# Your assignment
Pictures stay out of the answer, but every line of the material must be restated exactly.

# Information provided
◇ ◇ ◇ ◇

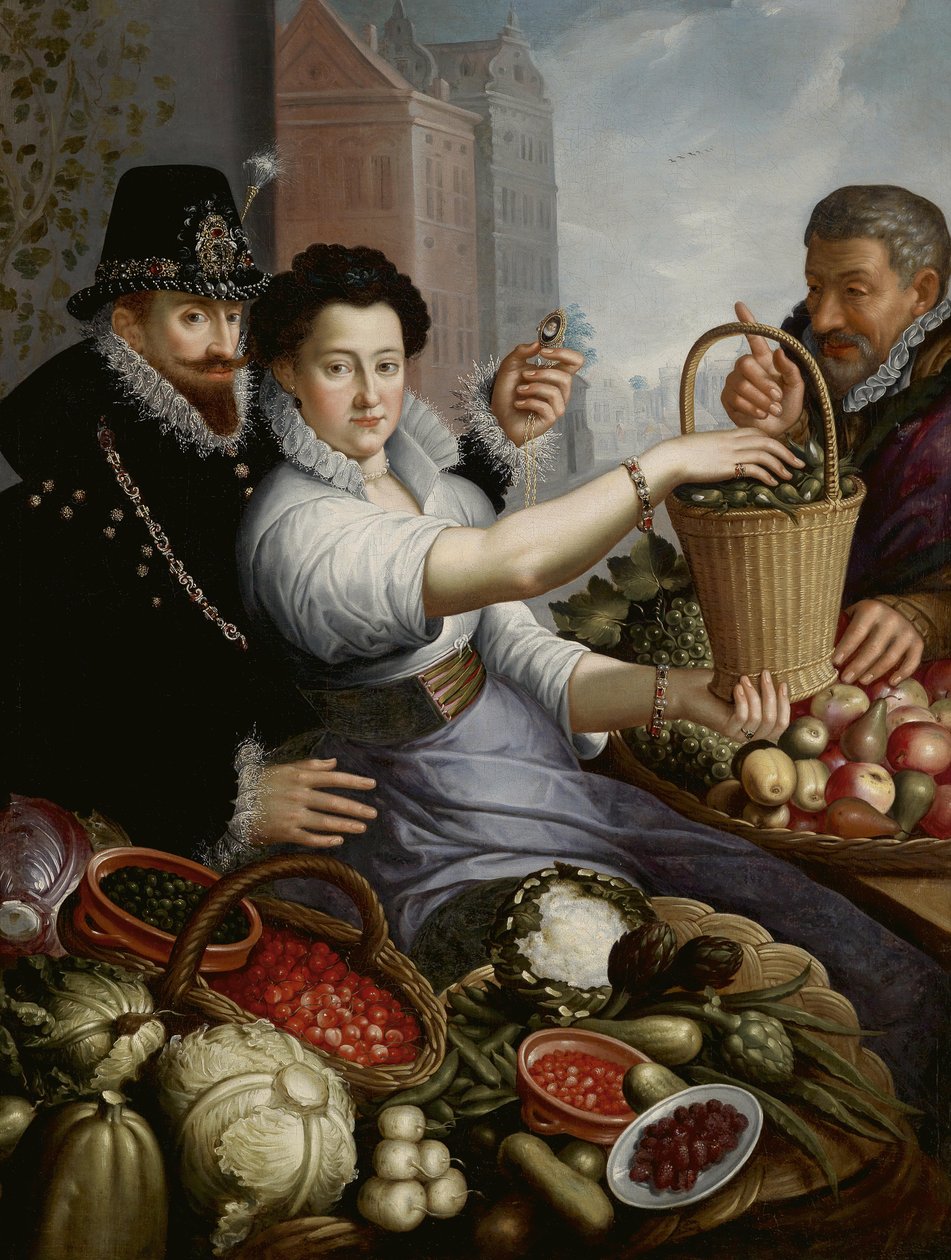 Portret arystokratycznej pary w pozie sutler autorstwa Jan Baptist Saive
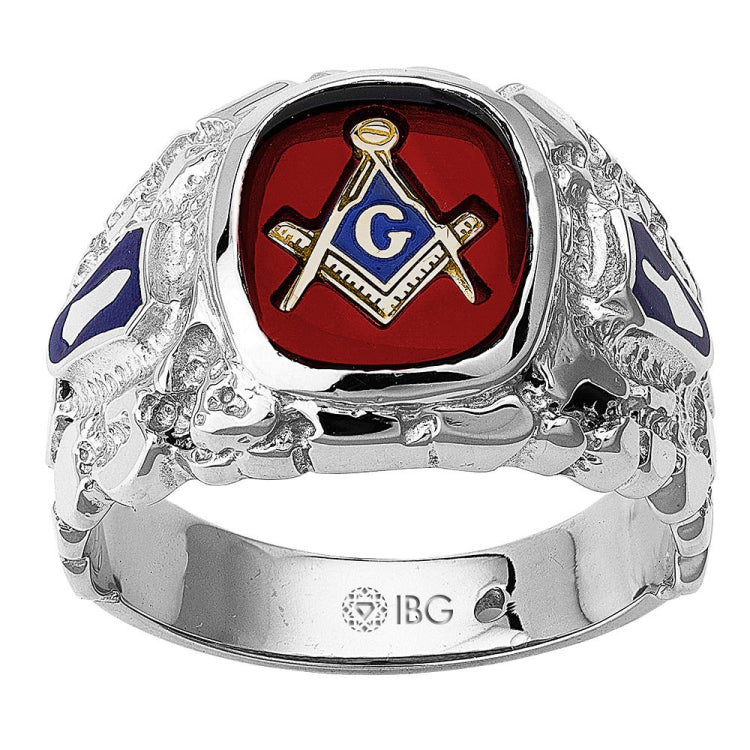 Master Mason silver ring with red masonic stone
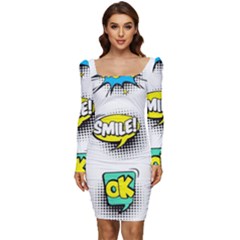 Set Colorful Comic Speech Bubbles Women Long Sleeve Ruched Stretch Jersey Dress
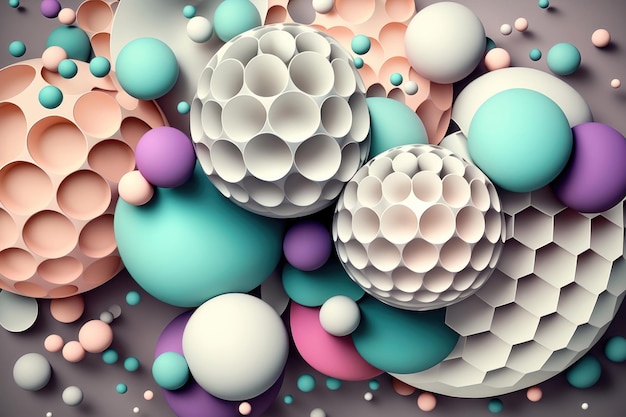 Фото Иллюстрация абстрактной геометрии шаров в пастельных тонах генерация ai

◇ ◇ ◇ ◇

# Written reply
 Portret arystokratycznej pary w pozie sutler autorstwa Jan Baptist Saive
 Master Mason silver ring with red masonic stone
 Set Colorful Comic Speech Bubbles Women Long Sleeve Ruched Stretch Jersey Dress
 Фото Иллюстрация абстрактной геометрии шаров в пастельных тонах генерация ai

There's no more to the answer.